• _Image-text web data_
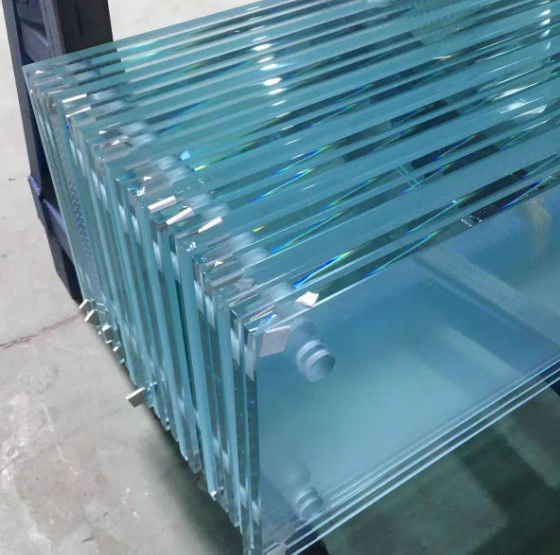 Trung Quốc Factory Customized Laminated Glass for Building Window Door Fence Panel with AS/NZS/CE/ISO/SGS
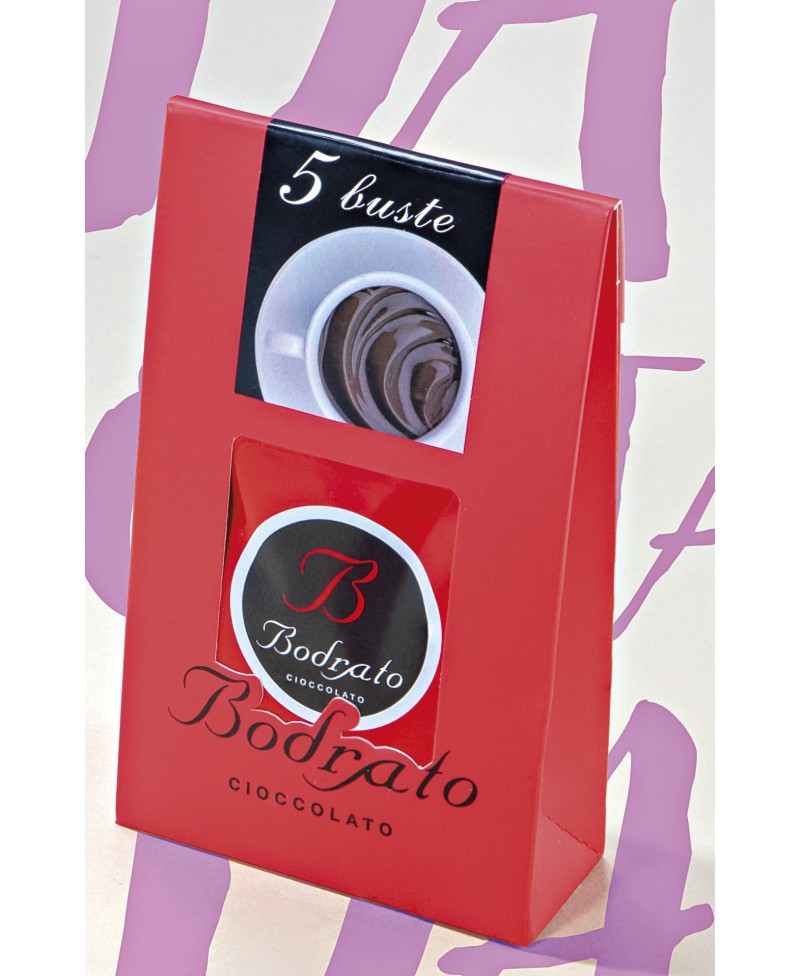 CIOCCOLATA CALDA astuccio 5...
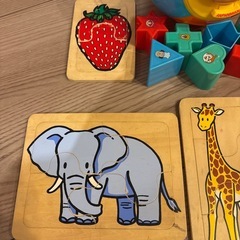 （取引中）積み木　パルス　まとめ売りの画像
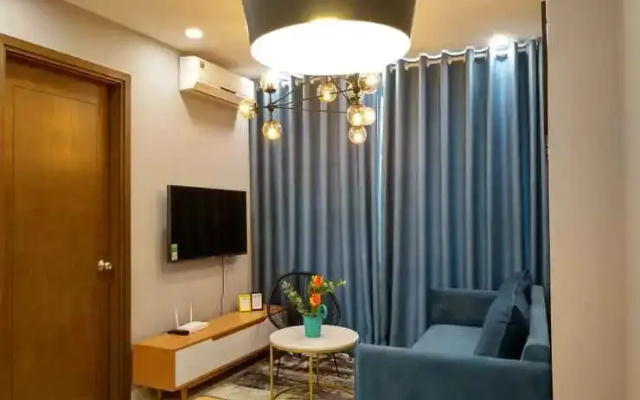 Asahi Japan - FLC Green Home Apartment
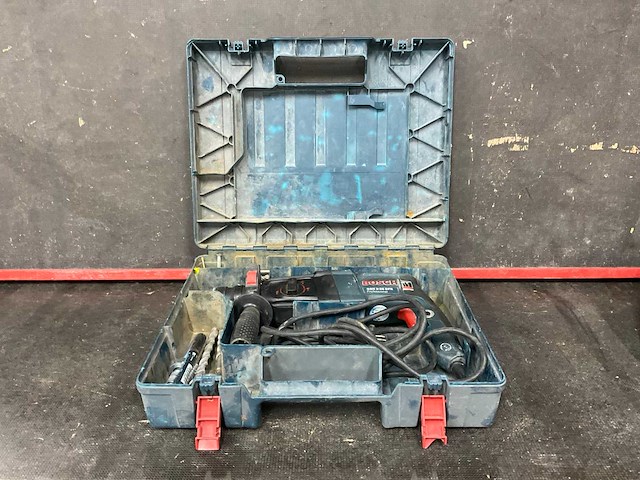 Bosch gbh 2-26 dfr boorhamer - afbeelding 1 van  5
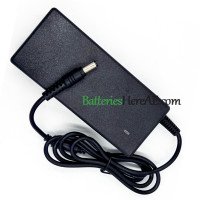 15V AC- محول شاحن مزود الطاقة 2.5x5.5mm 90W 6A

• _Required work_
An answer that restates all the entries exactly and drops the images is what is needed.

• _Response_
 Trung Quốc Factory Customized Laminated Glass for Building Window Door Fence Panel with AS/NZS/CE/ISO/SGS
 CIOCCOLATA CALDA astuccio 5...
 （取引中）積み木　パルス　まとめ売りの画像
 Asahi Japan - FLC Green Home Apartment
 Bosch gbh 2-26 dfr boorhamer - afbeelding 1 van  5
 15V AC- محول شاحن مزود الطاقة 2.5x5.5mm 90W 6A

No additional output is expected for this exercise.